§ **Available records**:
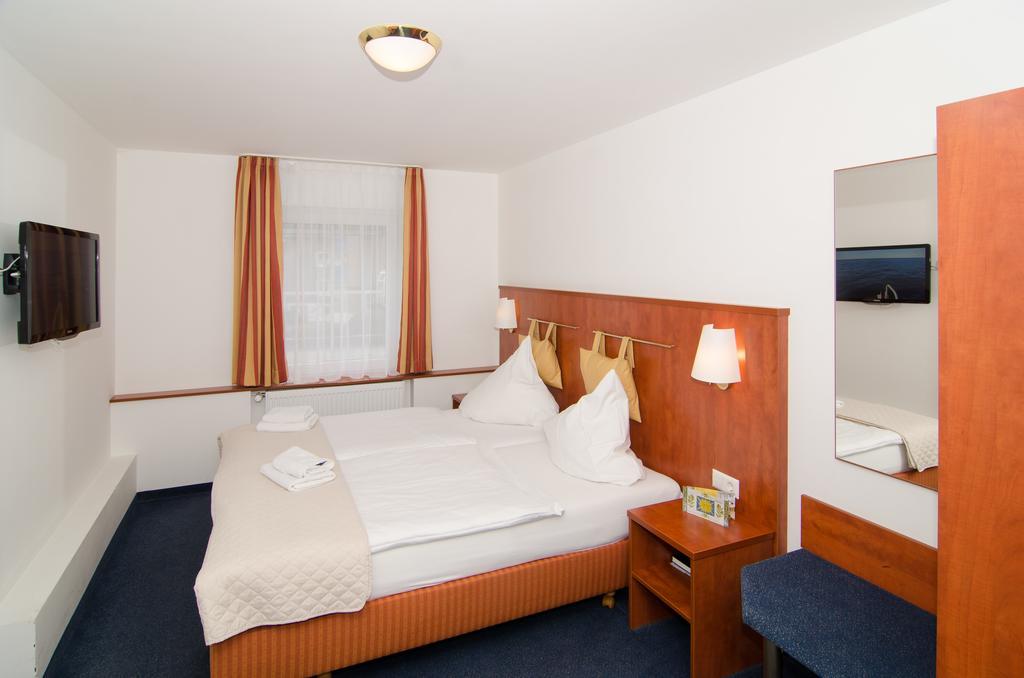 Hotel -Restaurant Taormina Birkenfeld  Εξωτερικό φωτογραφία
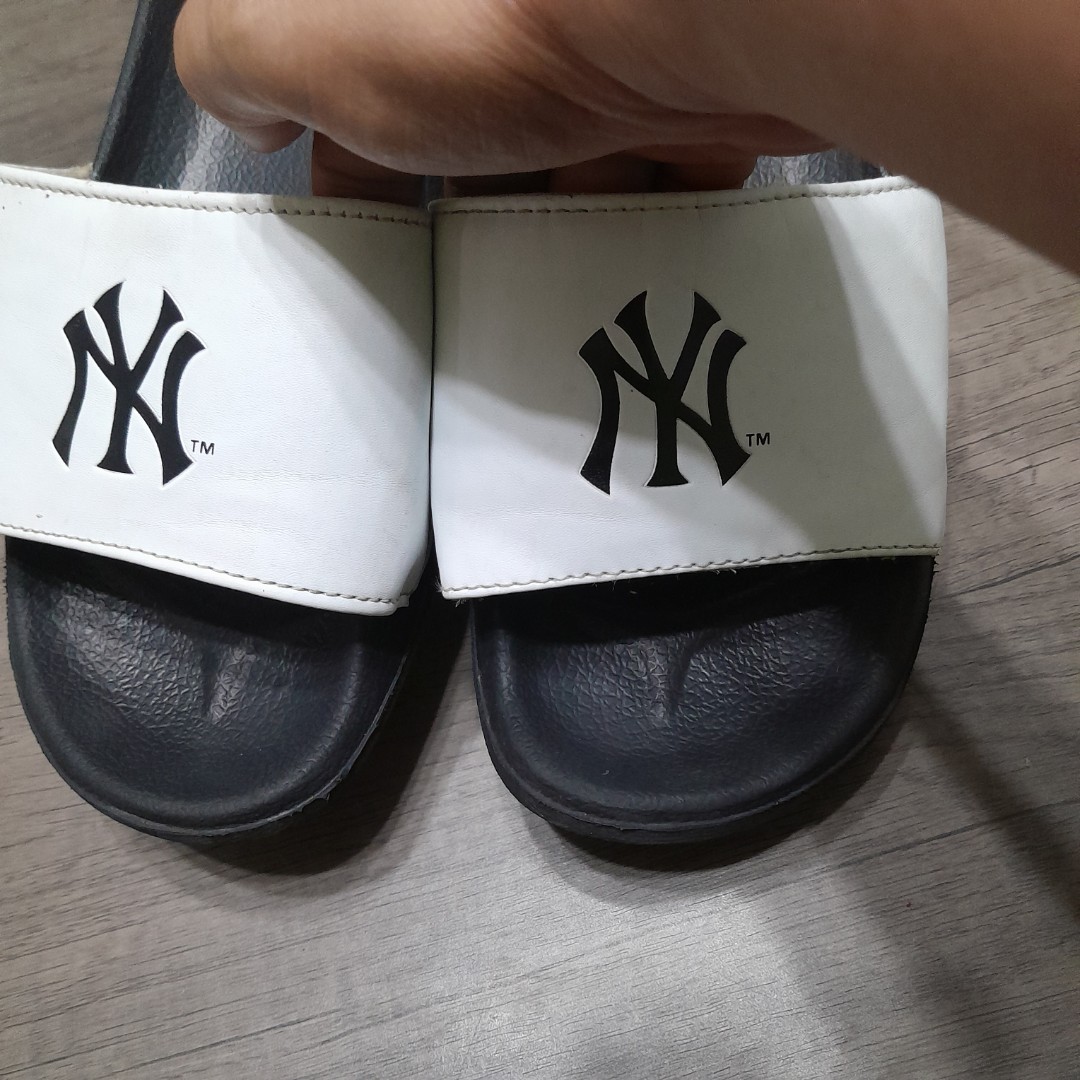 New York Yankees slide, Men's Fashion, Footwear, Slippers & Slides on  Carousell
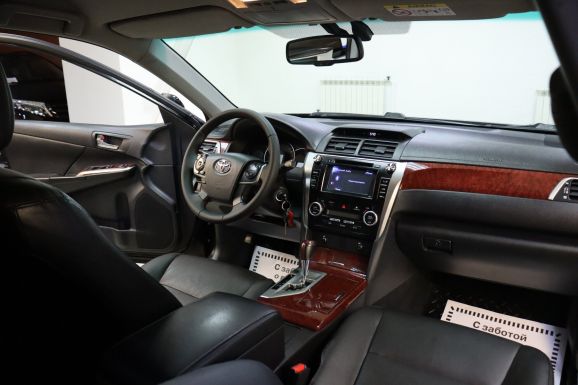 Toyota Camry, 2.5 л, АТ, 2012 фото 8
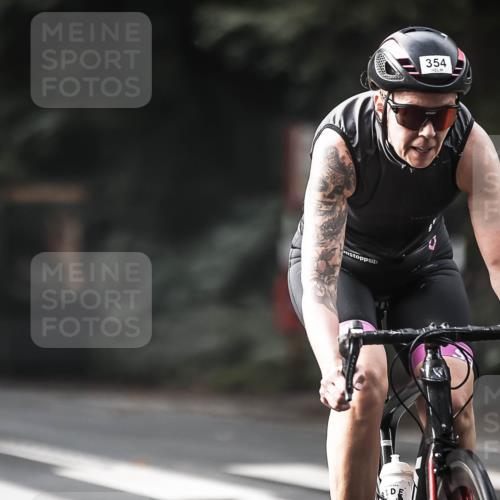 13.09.2026 - Stadtparktriathlon H.Heesch http://msf.ph/oto/10373180 13.09.2026 10:52:55 Radfahren 347, 354, 416, 449, 543, 553 meine-sportfotos.de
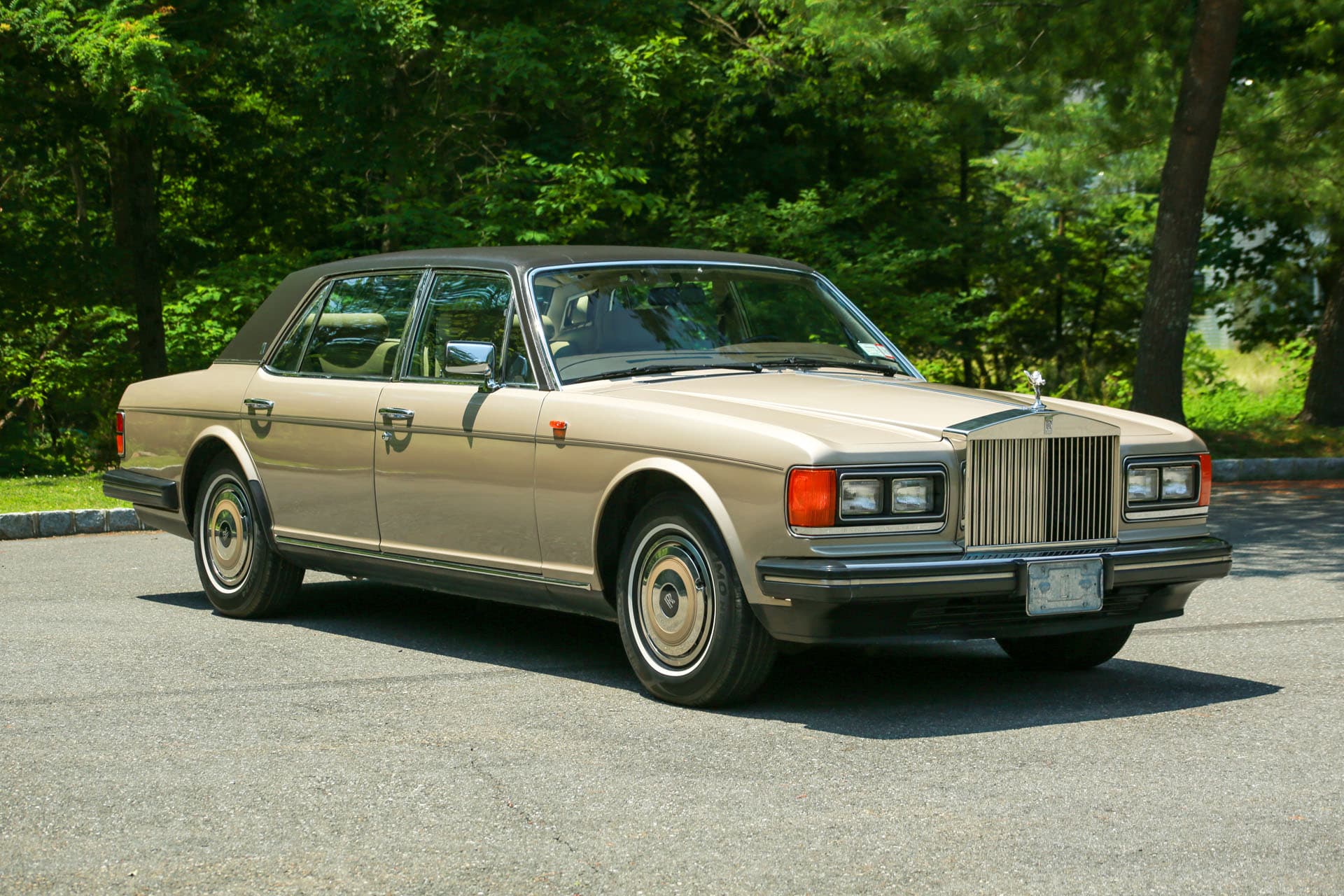 1988 Rolls-Royce Silver Spur sold for $22,500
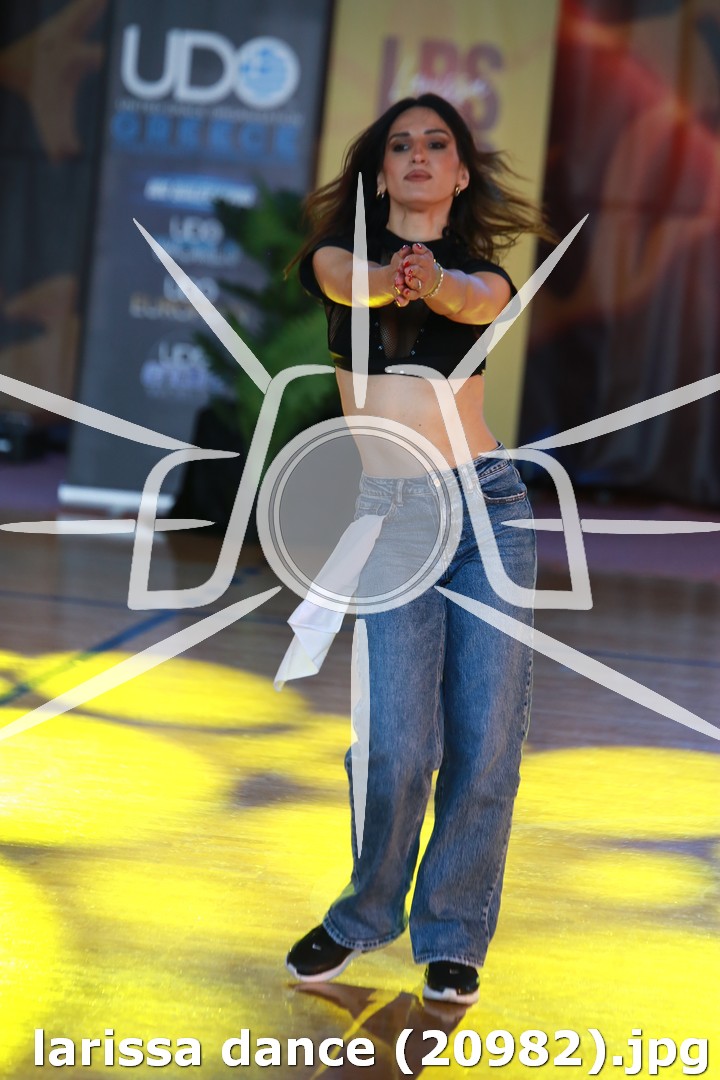 larissa dance (20982).jpg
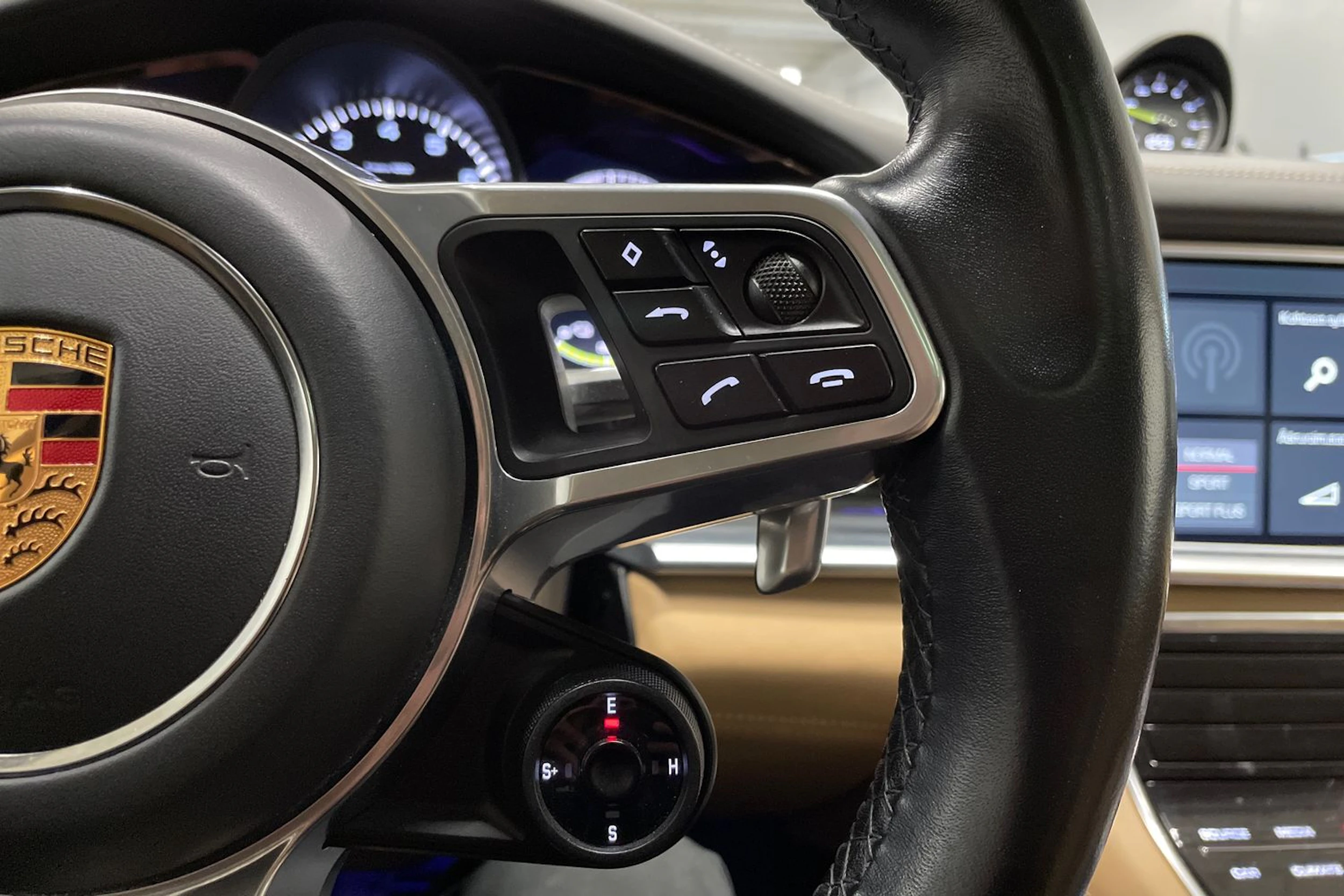 musta Porsche Panamera 2018 kuva 27.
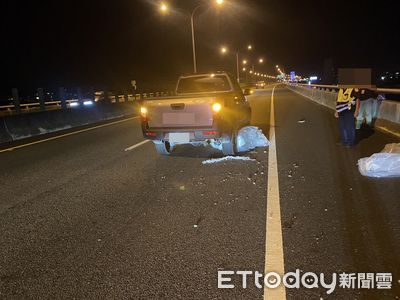 國5驚見彈簧床!大貨車一次掉3床 後方2車閃不過撞上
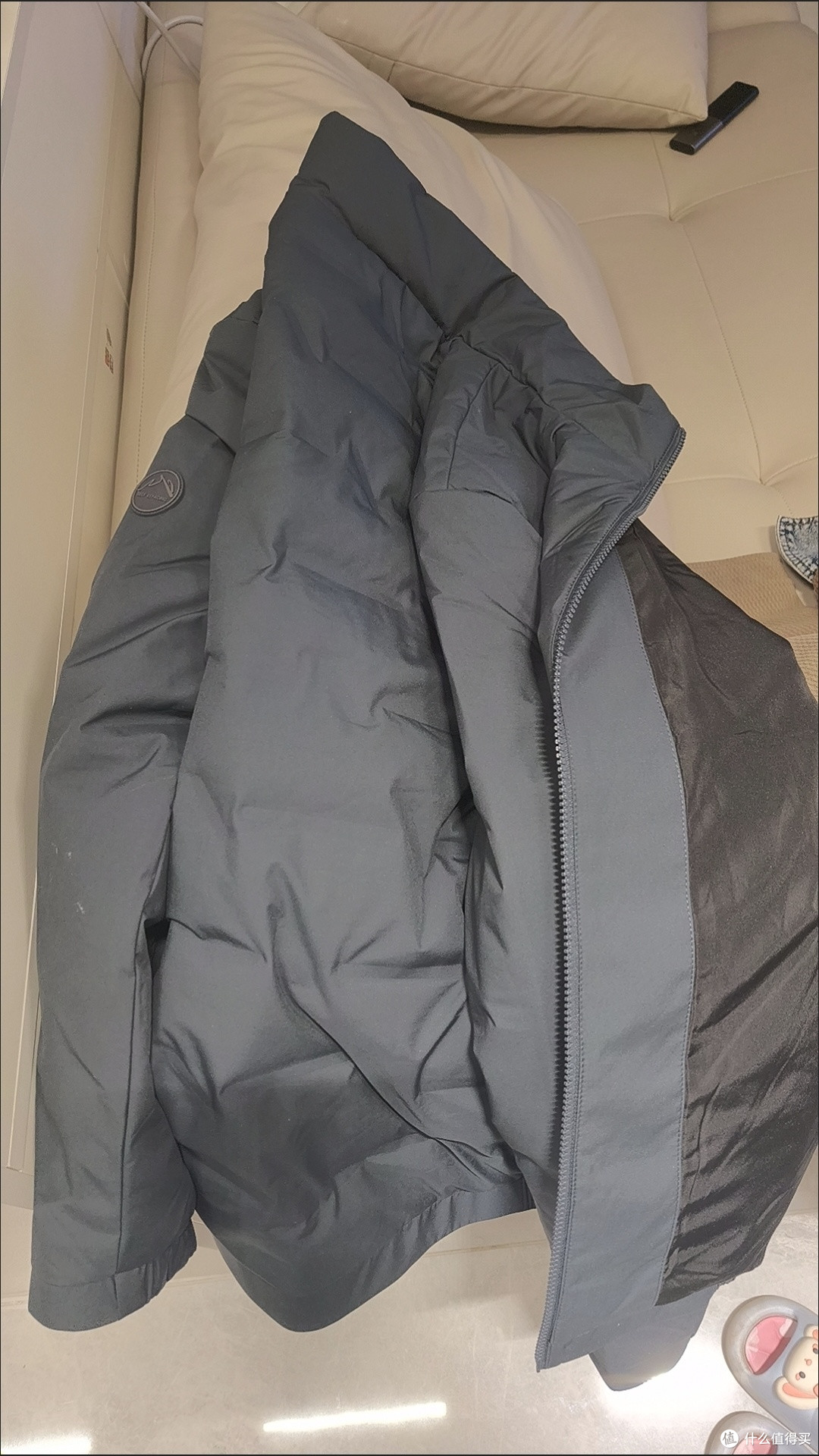 冬季旅行穿搭封神!海澜之家曾舜晞同款羽绒服,保暖时髦两不误
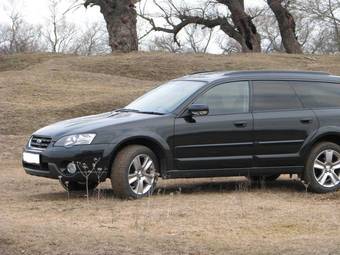 2004 Subaru Outback Pictures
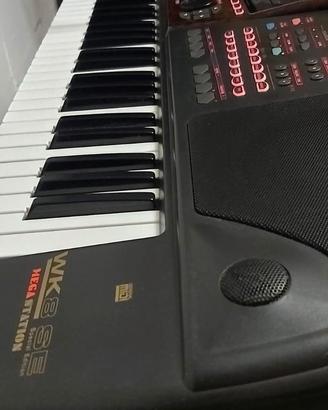 set tastiera + 2 casse + microfono + mixer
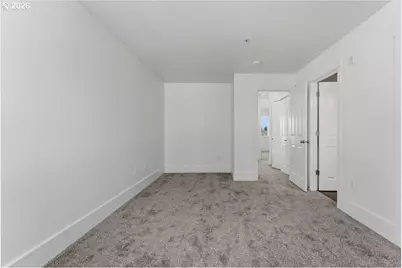 724 NW 118th Ave, Portland, OR 97229 - Photo 31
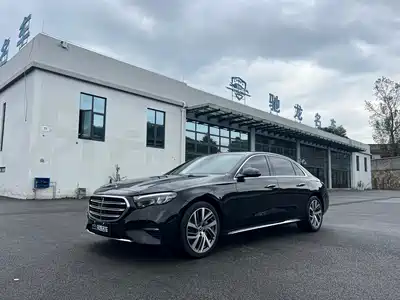 Mercedes-Benz E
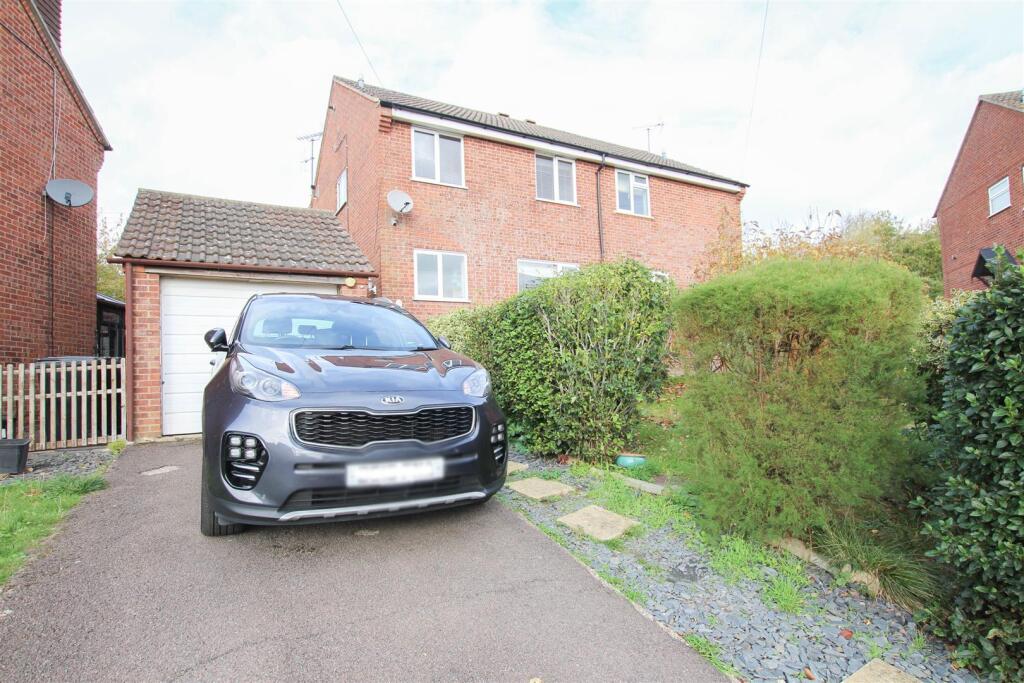 Main image of property: De Vigier Avenue, Saffron Walden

§ **What is required**:
Copy nothing but the lines above from the one with "set tastiera + 2 casse + microfono + mixer" through the end of the material, word for word, and drop the pictures.

§ **Exercise solution**:
 set tastiera + 2 casse + microfono + mixer
 724 NW 118th Ave, Portland, OR 97229 - Photo 31
 Mercedes-Benz E
 Main image of property: De Vigier Avenue, Saffron Walden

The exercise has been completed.